### Material for the task
++++++++

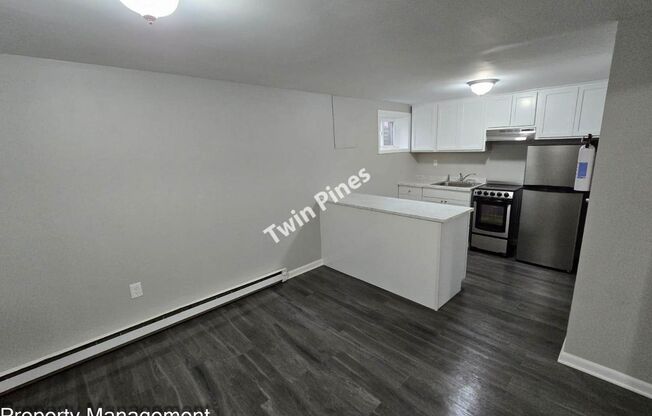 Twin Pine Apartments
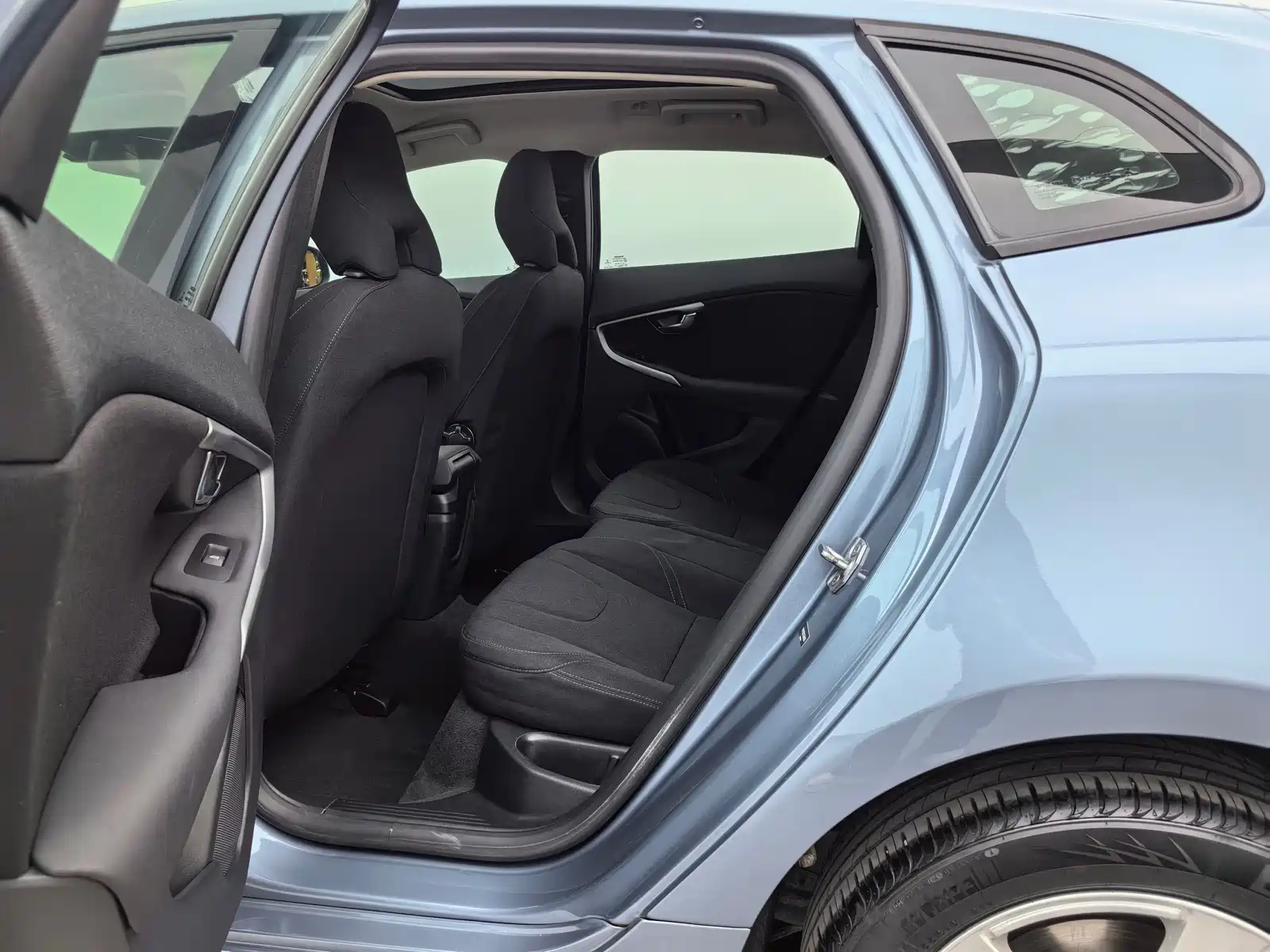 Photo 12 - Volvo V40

++++++++

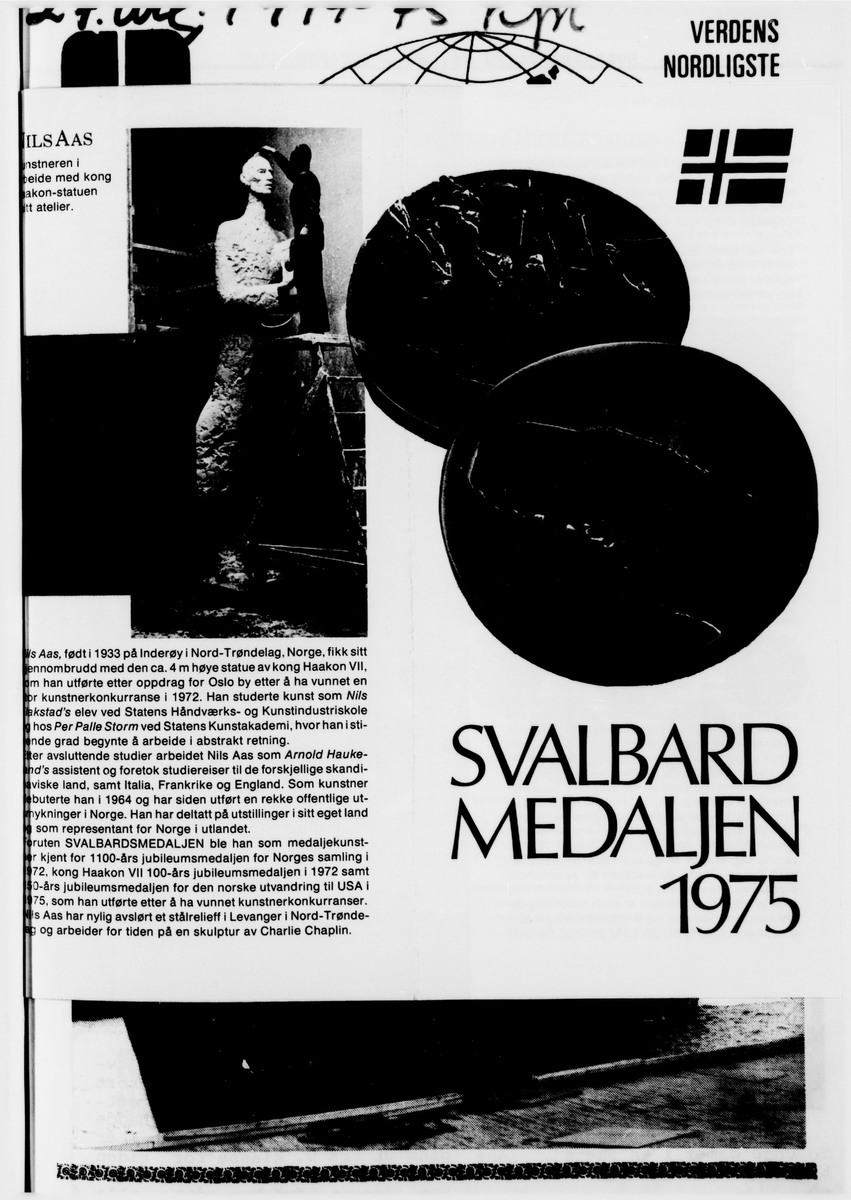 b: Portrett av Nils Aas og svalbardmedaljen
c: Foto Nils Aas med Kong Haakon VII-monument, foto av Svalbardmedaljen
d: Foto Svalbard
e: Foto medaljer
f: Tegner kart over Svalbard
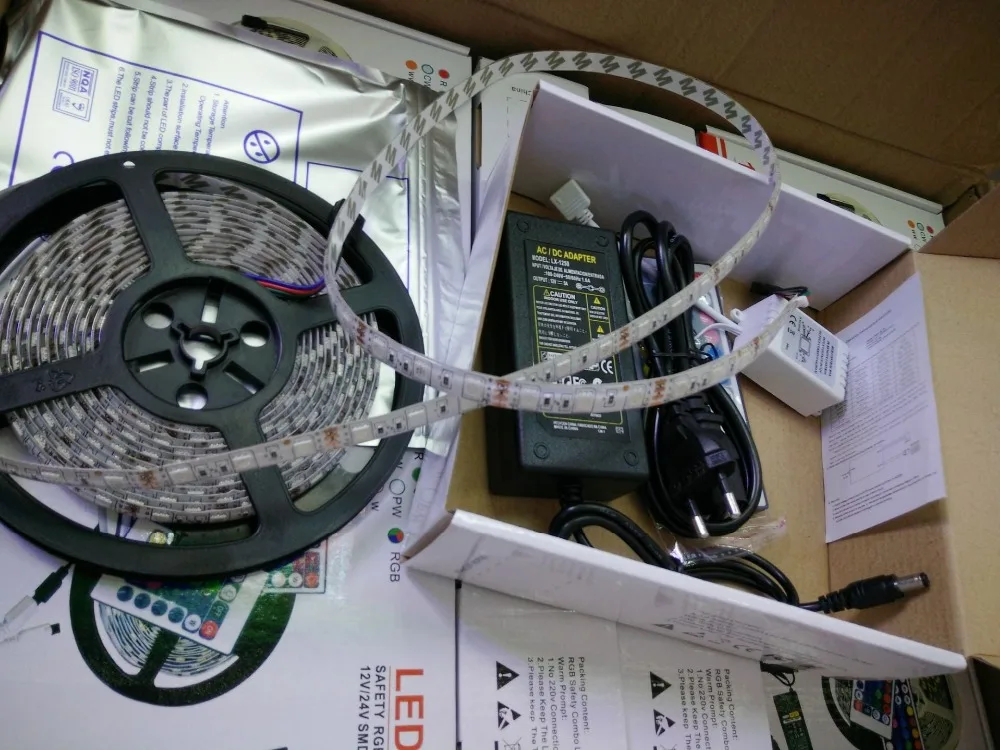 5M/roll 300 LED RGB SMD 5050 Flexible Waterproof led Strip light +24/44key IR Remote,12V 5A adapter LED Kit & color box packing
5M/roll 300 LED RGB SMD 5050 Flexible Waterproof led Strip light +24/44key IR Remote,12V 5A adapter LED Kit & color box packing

++++++++

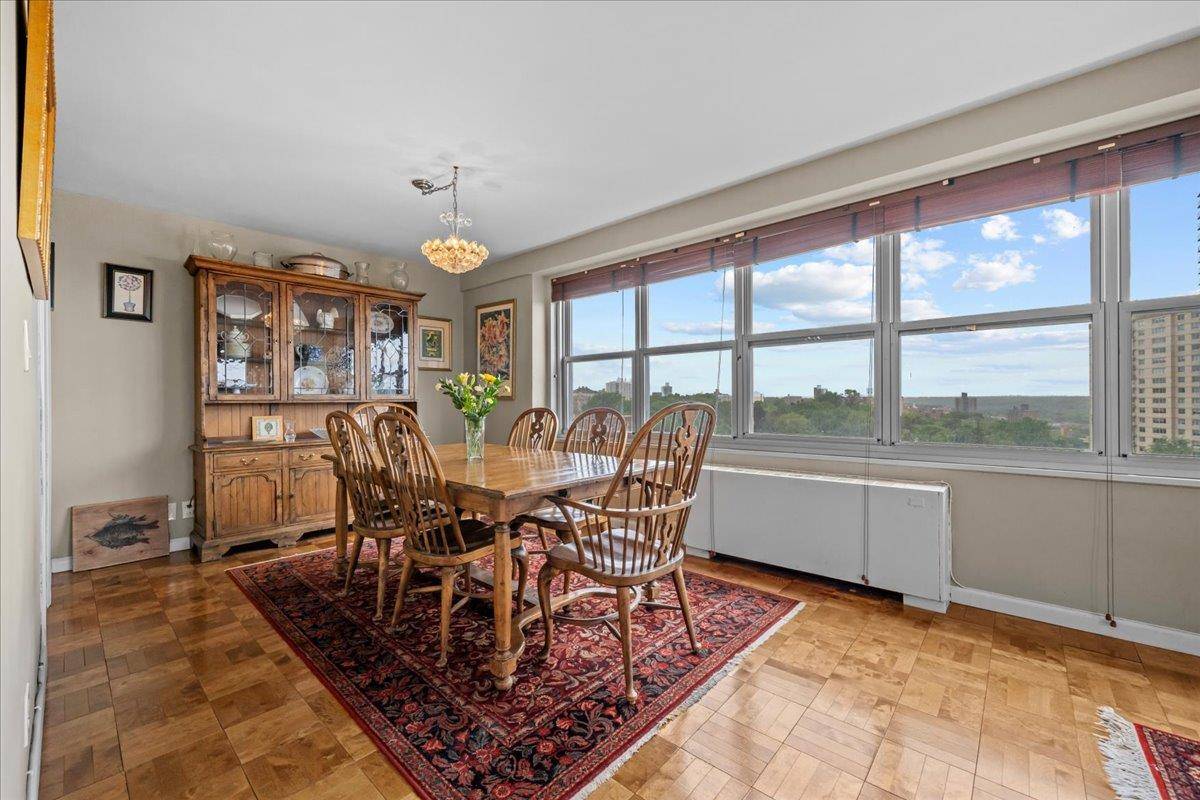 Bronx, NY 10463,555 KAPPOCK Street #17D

++++++++

### What you have to do
Which lines of the data include the string "Foto"? Find them and copy each one.

### Result of this task
c: Foto Nils Aas med Kong Haakon VII-monument, foto av Svalbardmedaljen
d: Foto Svalbard
e: Foto medaljer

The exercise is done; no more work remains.